Answering your question
Why a switch should keep the APs if the CR is unreachable, but the switch is still in the cluster? (as per definition of CR monitoring feature)
Ans :- To provide the wireless connection to the mobile units. To avoid the wireless interruption (remember the requirement was when ever the redundancy goes down, then only check for CR and take necessary action unadopt or not other wise don’t disturb the wireless network )
2. If CR is not defined, why would switch ever decide to drop APs when cluster falls apart?
Ans :- If CR is not configured , then the behavior of adoption will be same as 3.x. It will not check for CR and take decision. Here are my examples: 1. An N-switch active-active cluster. Each switch has uplink connection and a separate connection/VLAN for heartbeat. Someone plugs out switches' uplink (or messes with uplink VLAN). The hearbeat is still there (separate link). As per current CR Monitoring definition the switch will keep the aps (CR - out, heartbeat - present). This switch is no longer able to provide service. But still doesn't want to give up APs. Why? I think it's wrong behavior.
Ans :- Recommended topology I have explained above and in my previous reply. ( redundancy and CR should be via same interface, in our example both are via Eth2 and AP adoption via Eth1)
2. A two-switch cluster. CR is not defined. The other switch dies. Heartbeat disappears.

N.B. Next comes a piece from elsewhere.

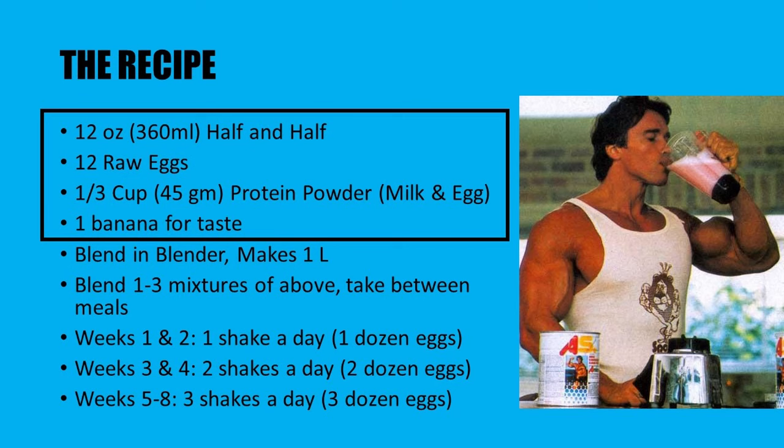In the first and second week, you create the shake and drink it throughout the day. You can split it into three portions and drink it for three of your meals — for example, one part for breakfast, one part for your mid-morning snack, and one part for your afternoon snack — adding a normal lunch and dinner. In the third and fourth week, you increase your intake to two shakes a day. Then between the fifth and eighth week, you increase it further to three shakes a day. It's that easy.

Why would the remaining switch want to un-adopt own APs only to re-adopt them later causing major network disruption and reducing all the clustering investment to zero?

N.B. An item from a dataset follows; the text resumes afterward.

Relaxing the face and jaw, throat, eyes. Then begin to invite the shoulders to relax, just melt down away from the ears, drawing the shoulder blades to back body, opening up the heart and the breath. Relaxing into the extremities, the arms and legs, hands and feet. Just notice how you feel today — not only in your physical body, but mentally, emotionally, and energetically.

Ans:- If CR feature is not enabled, then the switches will not disadopt the APs adopted to the same switch. But in 2.X cluster / redundancy behavior is different Regards Azif
Azif, after the words "customer request" I no longer question the logic of this feature :) Now I understand that this is a custom-request-derived feature which works with a specific setup and in the specific scenario. Yet, should we look a step forward to what a single customer wanted to make this feature generally useful? I speak about the CR-, HB+ scenario. Currently, as you say, the switch "just provides wireless connectivity to the MUs". Which can't get any further than the switch, which makes it rather useless in most scenarios. I wouldn't agree to the statement that my MUs should remain connected to a dead-end switch, while other switches in the cluster can actually provide proper service! All because some customer just hadn't considered this case (the magic of verbal thinking, we all are prone to it). Now, if we start checking for CR availability w/o regard to the cluster state, we would also cover this last possible case and drive this feature to it's logical resolution (i.e. no CR = no service = better someone else handle my APs), which is even more logical, when cluster is alive (big odds that other switches could access CR)! I understand that this is some additional work and the are different ways to do it - from simple alteration of logic, to implementing additional WCCP protocol field/message saying "I can/can't reach CR a.b.c.d", and making switch drop APs only if there's some other switch able to reach the same CR (because someone might configure different CRs for different switches or CR might not be available to all the switches). And this involves some resources that are generally scarce. So, my question now is, should I file the GRIP or not (i.e. what are the odds) and what category it should be ("Nice to have" or smth else)? I must say that this little perk is very handy to include in RFPs to ward competition off, but not in it's current state (others can protest including a that-much-custom-feature).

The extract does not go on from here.